On Behalf of | Mar 9, 2011 | Medical Malpractice |

It is no secret that being exposed to radiation is not good for one’s health. But many people are exposed to small amounts of radiation when they see a doctor and get an x-ray done. There are even greater amounts of radiation released when a patient undergoes a CT scan.

The New York Times had been doing a series of articles about radiation errors. These types of errors can lead to serious injury, especially in young children and infants. In fact, children are most at risk because they are still growing and are more vulnerable to the effects of radiation. But what The New York Times discovered about radiation was frightening.

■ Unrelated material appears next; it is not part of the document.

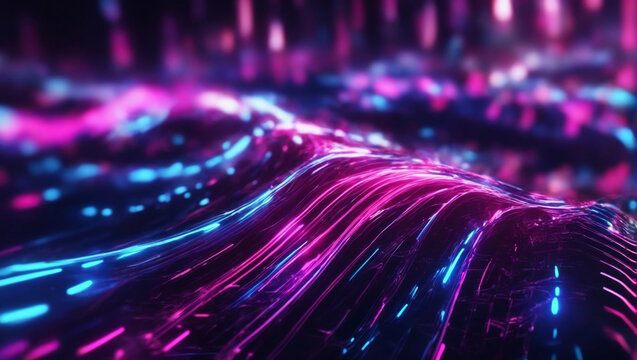 abstract futuristic background with PINK blue glowing neon moving high-speed wave lines and bokeh lights. Data transfer concept. Fantastic wallpaper. generative AI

At one particular hospital, the head of the radiology department one day discovered that infants were not being properly protected when undergoing radiological exams such as X-rays. Contrary to standards, full-body X-rays were being performed in babies, many without shields. This discovery was made in 2007.

Though the exact injuries that a baby would sustain from radiation were not discussed in the article, many of those injuries could be prevented if medical technicians and medical staff were properly using the equipment. An investigation following the incident showed:

  • Residents and supervisors failed to speak up about the mistakes that were discovered
  • Radiation levels were not set correctly before tests were administered
  • Technicians were getting sloppy and not appropriately targeting the area needing to be X-ray’d or shielding the rest of the baby’s body

These types of mistakes are serious. Infants are especially at risk to the dangers of over-irradiation, especially when a full-body exam is administered. And given the fact that radiation is being used more often now to diagnose injuries and diseases, children will likely be exposed to high doses of radiation before they turn 18 years old.

In response, this particular hospital’s radiology department is working with the Department of Health to make sure that staff is following protocol. In fact, many believe there is a need for minimum education and certification requirements for medical imaging and radiation therapy professionals.